Given material:
--- START ---

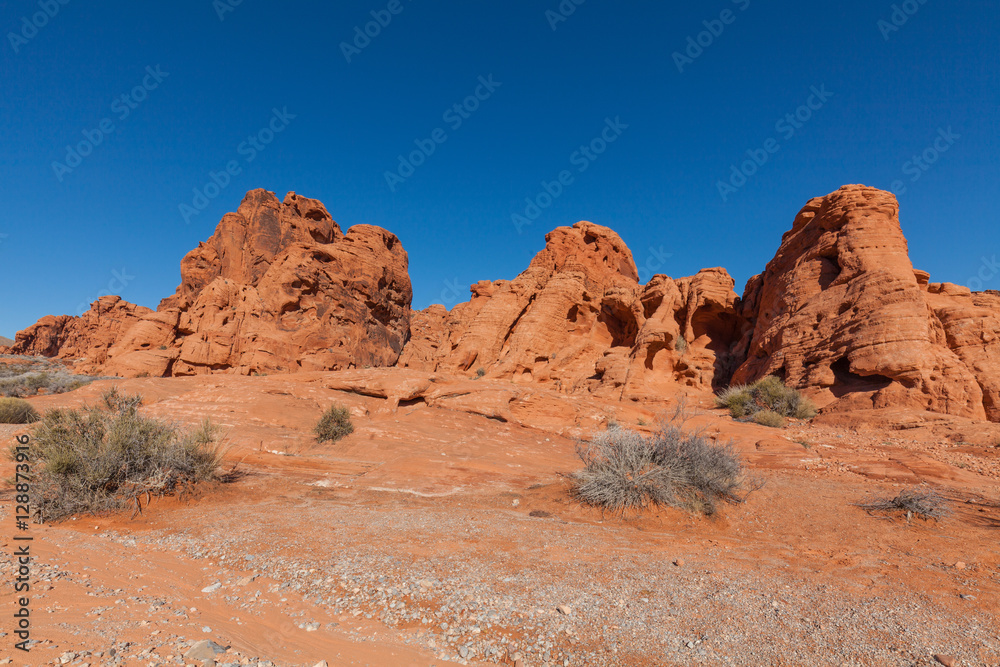 Fototapeta premium Valley of Fire State Park Nevada Scenic Landscape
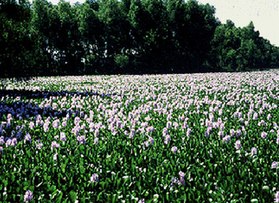 Eichhornia crassipes-water hyacinth.jpg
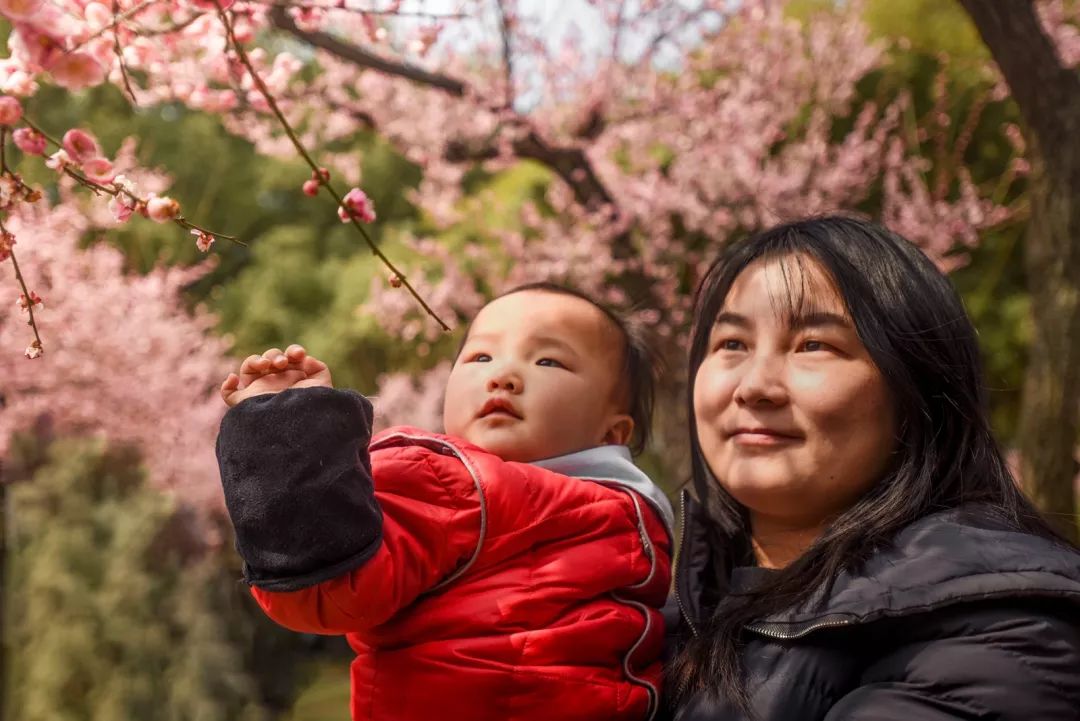 腾讯、联通、新东方都准备来华师“抢人”,本周就业讲座通知汇总,赶紧安排一下!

--- END ---

Your task:
Please copy exactly the lines from the one that contains "Eichhornia crassipes-water hyacinth.jpg" through the last line of the listing above, leaving out the pictures.

Exercise answer:
 Eichhornia crassipes-water hyacinth.jpg
 腾讯、联通、新东方都准备来华师“抢人”,本周就业讲座通知汇总,赶紧安排一下!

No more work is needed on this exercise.